[Saved entries]
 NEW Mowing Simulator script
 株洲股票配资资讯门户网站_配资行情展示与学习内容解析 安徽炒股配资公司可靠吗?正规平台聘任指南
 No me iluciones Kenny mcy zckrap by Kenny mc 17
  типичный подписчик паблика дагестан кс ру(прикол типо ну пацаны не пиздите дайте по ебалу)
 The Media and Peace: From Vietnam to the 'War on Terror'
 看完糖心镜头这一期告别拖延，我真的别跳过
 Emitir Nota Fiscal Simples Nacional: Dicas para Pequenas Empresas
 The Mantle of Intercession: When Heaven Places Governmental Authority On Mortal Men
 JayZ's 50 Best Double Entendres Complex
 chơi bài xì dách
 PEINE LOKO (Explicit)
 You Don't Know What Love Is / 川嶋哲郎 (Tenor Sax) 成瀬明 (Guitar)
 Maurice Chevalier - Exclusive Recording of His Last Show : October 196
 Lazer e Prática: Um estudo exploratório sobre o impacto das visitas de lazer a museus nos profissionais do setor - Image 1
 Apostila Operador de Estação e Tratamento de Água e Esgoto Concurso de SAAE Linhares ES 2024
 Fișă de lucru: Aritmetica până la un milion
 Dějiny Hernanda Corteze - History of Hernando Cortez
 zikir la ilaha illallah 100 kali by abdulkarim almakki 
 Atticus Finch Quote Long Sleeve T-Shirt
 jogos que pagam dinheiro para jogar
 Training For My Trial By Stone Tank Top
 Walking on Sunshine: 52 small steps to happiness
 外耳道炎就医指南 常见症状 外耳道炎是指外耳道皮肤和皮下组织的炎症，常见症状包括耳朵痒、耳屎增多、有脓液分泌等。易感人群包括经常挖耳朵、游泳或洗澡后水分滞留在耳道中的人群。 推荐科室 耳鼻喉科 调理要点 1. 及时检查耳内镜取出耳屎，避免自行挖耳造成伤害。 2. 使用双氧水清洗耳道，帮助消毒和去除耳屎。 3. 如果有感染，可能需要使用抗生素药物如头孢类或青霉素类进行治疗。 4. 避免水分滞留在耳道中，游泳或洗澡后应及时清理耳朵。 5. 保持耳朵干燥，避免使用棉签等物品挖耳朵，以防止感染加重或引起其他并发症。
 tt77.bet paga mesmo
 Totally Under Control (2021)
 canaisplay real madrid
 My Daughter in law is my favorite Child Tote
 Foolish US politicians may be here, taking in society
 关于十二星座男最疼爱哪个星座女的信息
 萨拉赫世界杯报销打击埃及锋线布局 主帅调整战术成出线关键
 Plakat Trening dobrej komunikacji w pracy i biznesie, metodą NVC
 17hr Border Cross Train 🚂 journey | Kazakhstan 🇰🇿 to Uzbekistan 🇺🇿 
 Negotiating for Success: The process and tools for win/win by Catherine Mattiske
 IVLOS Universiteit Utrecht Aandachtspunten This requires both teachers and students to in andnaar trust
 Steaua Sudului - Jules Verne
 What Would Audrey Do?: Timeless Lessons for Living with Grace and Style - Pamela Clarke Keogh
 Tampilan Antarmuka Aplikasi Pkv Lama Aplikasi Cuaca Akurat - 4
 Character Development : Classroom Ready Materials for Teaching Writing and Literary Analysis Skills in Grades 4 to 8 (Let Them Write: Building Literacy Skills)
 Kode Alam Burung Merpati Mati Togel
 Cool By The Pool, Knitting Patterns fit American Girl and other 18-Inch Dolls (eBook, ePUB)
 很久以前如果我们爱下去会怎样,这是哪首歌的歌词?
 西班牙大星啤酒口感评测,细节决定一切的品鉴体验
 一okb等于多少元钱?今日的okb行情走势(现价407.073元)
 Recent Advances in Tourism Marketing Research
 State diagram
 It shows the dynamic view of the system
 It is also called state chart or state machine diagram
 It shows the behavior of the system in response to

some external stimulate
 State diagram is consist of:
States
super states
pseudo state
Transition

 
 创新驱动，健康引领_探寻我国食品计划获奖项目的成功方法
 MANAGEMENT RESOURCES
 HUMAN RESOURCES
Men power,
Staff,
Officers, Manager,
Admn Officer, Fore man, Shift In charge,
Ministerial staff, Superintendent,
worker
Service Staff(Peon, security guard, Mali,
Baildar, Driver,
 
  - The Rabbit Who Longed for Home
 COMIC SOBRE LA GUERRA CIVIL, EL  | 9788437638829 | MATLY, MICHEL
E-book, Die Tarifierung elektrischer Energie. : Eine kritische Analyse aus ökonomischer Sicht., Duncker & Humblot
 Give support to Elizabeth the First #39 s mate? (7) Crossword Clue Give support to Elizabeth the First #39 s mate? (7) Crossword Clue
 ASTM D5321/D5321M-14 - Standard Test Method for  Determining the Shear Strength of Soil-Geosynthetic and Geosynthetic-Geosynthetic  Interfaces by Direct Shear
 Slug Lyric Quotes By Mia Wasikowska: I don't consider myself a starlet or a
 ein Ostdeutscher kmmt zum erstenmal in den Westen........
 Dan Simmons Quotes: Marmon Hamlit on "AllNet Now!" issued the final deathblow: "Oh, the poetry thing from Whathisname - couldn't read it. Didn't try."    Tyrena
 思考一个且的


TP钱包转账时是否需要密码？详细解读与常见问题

## What the task asks
Reading the records above, count the lines that include "Quotes" and say only how many.

## Result for this exercise
2